The declaration/documentation states https://github.com/openzim/libzim/blob/56b1d9e7480e4055eda8f28f0046c4bec9bdfbcb/include/zim/archive.h#L221-L230

Note the "The path must contains the namespace" requirement.

However, for ZIM files using the new namespace scheme, the implementation assumes that the path references an item from the C namespace. Moreover, it may rewrite the path while looking for the result in the said namespace. https://github.com/openzim/libzim/blob/56b1d9e7480e4055eda8f28f0046c4bec9bdfbcb/src/archive.cpp#L215-L230

It first tries to access the entry with the C namespace explicitly added to the path. If no such entry exists, it then replaces the namespace-like component in the path with C and tries to return the entry at that path instead.

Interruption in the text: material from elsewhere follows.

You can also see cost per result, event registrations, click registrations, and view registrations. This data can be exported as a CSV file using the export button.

This can lead to false results. Suppose that the ZIM file (utilizing the new namespace scheme) doesn't contain entries under Q/ or C/Q/ path prefix. Yet the request for Q/something will be converted to C/something and that item will be returned if it exists.

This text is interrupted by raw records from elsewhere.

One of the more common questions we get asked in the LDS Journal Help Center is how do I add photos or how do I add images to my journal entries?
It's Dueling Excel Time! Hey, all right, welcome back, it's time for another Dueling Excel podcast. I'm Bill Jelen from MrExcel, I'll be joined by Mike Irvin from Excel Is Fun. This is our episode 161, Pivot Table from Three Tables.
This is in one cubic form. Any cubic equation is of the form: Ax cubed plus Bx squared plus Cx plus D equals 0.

Thus for ZIM files utilizing the old namespace scheme getEntryByPath() can be used to access any entry, whereas for ZIM files utilizing the new namespace scheme getEntryByPath() only returns entries from the C namespace and it may cheat while doing so.

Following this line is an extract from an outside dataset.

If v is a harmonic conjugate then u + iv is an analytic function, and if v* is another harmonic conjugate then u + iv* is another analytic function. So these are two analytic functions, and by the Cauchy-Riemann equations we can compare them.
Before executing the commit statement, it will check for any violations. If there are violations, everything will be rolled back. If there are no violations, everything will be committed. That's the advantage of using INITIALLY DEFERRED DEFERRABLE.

mgautierfr commented 10 months ago

I think the documentation should be fixed. Something like:

The path must contains the namespace if applicable (old namespace scheme).

Thus for ZIM files utilizing the old namespace scheme getEntryByPath() can be used to access any entry, whereas for ZIM files utilizing the new namespace scheme getEntryByPath() only returns entries from the C namespace

This is known (at least by me 😄). This is why I propose in https://github.com/openzim/zim-tools/issues/315#issuecomment-1222365678 to totally drop the namespace from the api and provide other way (--metadata, other ?) to retrieve other content.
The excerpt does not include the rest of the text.